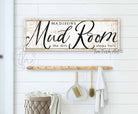 Mud Room Personalized Sign, The Dirt Stops Here, Stylish Witty Modern Farmhouse Wall Art for Laundry Room Entryway Decor handmade by ToeFishArt. Original, custom, personalized wall decor signs. Canvas, Wood or Metal. Rustic modern farmhouse, cottagecore, vintage, retro, industrial, Americana, primitive, country, coastal, minimalist.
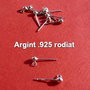 (2 bucati) Baza cercei din argint .925 rodiat cu tija, bila si anou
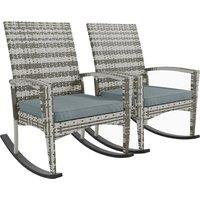 Outsunny Outdoor PE Rattan Rocking Chair Set of 2, Garden Rocking Chair Set with Armrest and Cushion, Light Grey Aosom UK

**EXERCISE GOAL:** The first line of the listing through the line with "(2 bucati) Baza": repeat exactly that span and nothing more, skipping pictures.

**ANSWER TO THE PROBLEM:**
 Mud Room Personalized Sign, The Dirt Stops Here, Stylish Witty Modern Farmhouse Wall Art for Laundry Room Entryway Decor handmade by ToeFishArt. Original, custom, personalized wall decor signs. Canvas, Wood or Metal. Rustic modern farmhouse, cottagecore, vintage, retro, industrial, Americana, primitive, country, coastal, minimalist.
 (2 bucati) Baza cercei din argint .925 rodiat cu tija, bila si anou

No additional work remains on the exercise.